DT::datatable(city_summary, 
         extensions = c('FixedColumns',"FixedHeader"),
          options = list(scrollX = TRUE, 
                         paging=TRUE,
                         fixedHeader=TRUE))

So as a city Phoenix has the best delayed to on-time percent and San Francisco had the worst.

ggplot(data = city_summary) +
  geom_col(aes(x=reorder(city, delay_ontime_percent),
               y=delay_ontime_percent), 
           position = "dodge", 
           fill="lightblue") +
  labs(x = "city",y= "delayed to on-time ratio")
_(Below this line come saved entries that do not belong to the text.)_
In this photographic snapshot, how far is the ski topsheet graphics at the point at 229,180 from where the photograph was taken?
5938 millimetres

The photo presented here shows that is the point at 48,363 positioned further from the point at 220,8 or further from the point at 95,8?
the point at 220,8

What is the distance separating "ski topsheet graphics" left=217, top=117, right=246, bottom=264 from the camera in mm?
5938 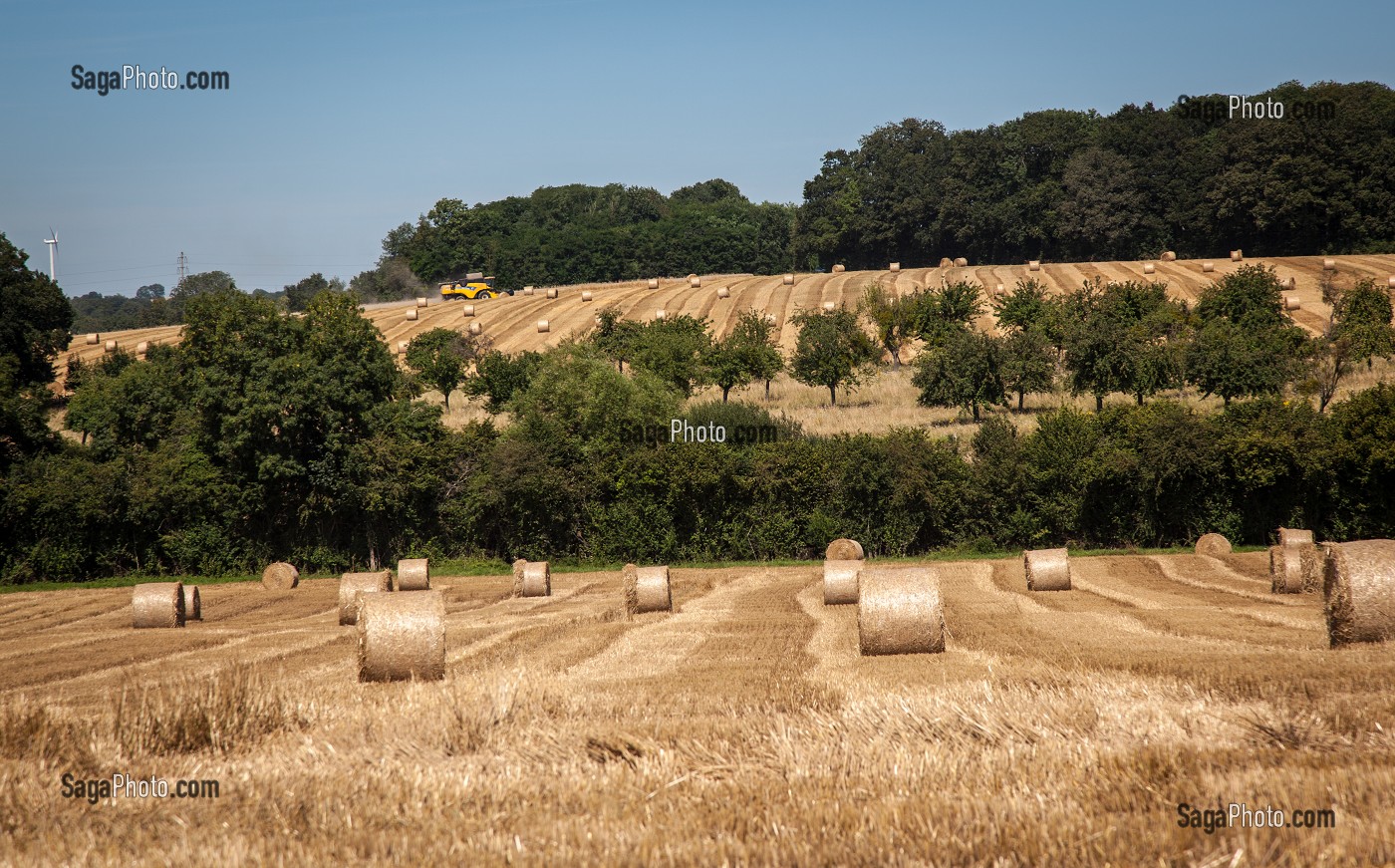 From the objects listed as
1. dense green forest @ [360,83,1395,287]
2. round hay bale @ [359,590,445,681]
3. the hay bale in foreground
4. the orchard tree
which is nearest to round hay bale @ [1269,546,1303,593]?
the hay bale in foreground

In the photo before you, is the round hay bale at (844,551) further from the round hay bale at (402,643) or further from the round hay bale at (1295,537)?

Now that the delayed to on-time ratio is of a similar scale and per city, we see that San Francisco is significantly different than the other cities. Maybe there is something odd about SF in regards to one (or both) of these airlines. We will keep this in mind when after looking at delays vs on-time for our two airlines.

Airline Delays vs On-Time

Let’s look at the delays vs on-time arrivals as percentage of the total flights for each carrier. Again, we are standardizing the values with percent and standardizing y-axis scales on the plots.
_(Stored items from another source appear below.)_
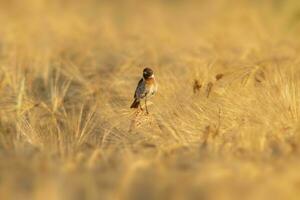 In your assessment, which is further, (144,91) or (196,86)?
(196,86)

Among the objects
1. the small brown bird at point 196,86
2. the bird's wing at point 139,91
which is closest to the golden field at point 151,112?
the small brown bird at point 196,86

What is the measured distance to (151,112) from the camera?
25.0 ft

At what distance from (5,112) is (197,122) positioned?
5.76 ft

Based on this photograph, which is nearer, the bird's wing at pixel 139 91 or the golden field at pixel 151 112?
the golden field at pixel 151 112

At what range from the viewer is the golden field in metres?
5.36

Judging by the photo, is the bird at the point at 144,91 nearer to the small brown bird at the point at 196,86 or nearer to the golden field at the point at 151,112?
the golden field at the point at 151,112

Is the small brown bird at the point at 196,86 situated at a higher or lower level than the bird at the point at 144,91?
higher

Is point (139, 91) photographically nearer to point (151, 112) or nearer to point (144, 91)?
point (144, 91)

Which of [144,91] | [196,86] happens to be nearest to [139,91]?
[144,91]

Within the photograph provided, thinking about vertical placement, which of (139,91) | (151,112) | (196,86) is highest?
(196,86)

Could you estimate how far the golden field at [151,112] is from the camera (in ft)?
17.6

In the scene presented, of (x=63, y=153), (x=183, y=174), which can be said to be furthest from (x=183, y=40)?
(x=183, y=174)

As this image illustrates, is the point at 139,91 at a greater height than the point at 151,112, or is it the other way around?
the point at 139,91

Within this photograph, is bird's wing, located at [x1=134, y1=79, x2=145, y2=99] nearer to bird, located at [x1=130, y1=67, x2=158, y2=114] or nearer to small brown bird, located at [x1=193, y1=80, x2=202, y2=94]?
bird, located at [x1=130, y1=67, x2=158, y2=114] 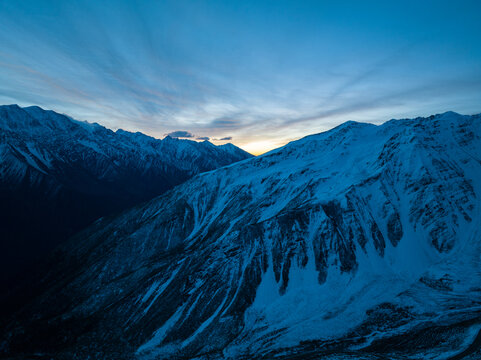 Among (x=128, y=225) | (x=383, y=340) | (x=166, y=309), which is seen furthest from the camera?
(x=128, y=225)

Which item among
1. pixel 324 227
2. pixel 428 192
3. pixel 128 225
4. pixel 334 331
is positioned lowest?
pixel 334 331

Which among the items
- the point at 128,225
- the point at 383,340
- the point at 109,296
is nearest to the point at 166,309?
the point at 109,296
ak_total<-df %>%          # gathering total number of flight per airline
  group_by(airline) %>%
  filter(airline == "ALASKA") %>%
  summarise(total_flight = sum(occur))
am_total<-df %>%
  group_by(airline) %>%
  filter(airline == "AM WEST") %>%
  summarise(total_flight = sum(occur))

ak_df<- df %>%            # calculating percent delay or on-time 
  filter(airline == "ALASKA") %>%
  mutate(occur, percent_occur = 100*round(occur/ak_total$total_flight,3))
am_df<- df %>%
  filter(airline == "AM WEST") %>%
  mutate(occur, percent_occur = 100*round(occur/am_total$total_flight,3))
ggplot(data = ak_df) + 
  geom_col(
           aes(reorder(x=city, percent_occur), y=percent_occur,
           fill=status), 
           position = "dodge", 
           alpha = 0.5
           ) +
  ylim(0,70)+
  labs(x="city", y="percent of flights", title = "Alaska Airline Flight Status")

ggplot(data = am_df) + 
  geom_col(
           aes(reorder(x=city, percent_occur), y=percent_occur,
           fill=status), 
           position = "dodge", 
           alpha=0.5)+
  ylim(0,70)+
  labs(x="city", y="percent of flights", title = "AM WEST Airline Flight Status")

Looking at these graphs we see that most cities have at least one airline that has a large gap in on-time vs delay, except San Francisco. SF has a narrow margin in delays to on-time for AM WEST. For Alaska, SF has a nice gap between these values but nothing major (like Seattle). Thus, it maintains the highest delayed to on-time ratio. Additionally, when we look that the percentages for on-time and delay on a standard y-axis scale, we see that it appears Alaska airlines have a higher percent of delays, but it is not super clear given that Alaska’s delays are near zero for San Diego and Phoenix, but higher in LA, SF, and Seattle. Let’s look at the sum of the percentages for on-time and delay.

DT::datatable(cbind(
am_df %>%
  group_by(status) %>%
  summarise(on_time_percent_AM = sum(percent_occur)) ,
ak_df %>%
  group_by(status) %>%
  summarise(on_time_percent_AK = sum(percent_occur)) %>%
  select(on_time_percent_AK)
), 
 extensions = c('FixedColumns',"FixedHeader"),
  options = list(scrollX = TRUE, 
                 paging=TRUE,
                 fixedHeader=TRUE))

Indeed we see that Alaska airlines is a bit higher in percent delayed.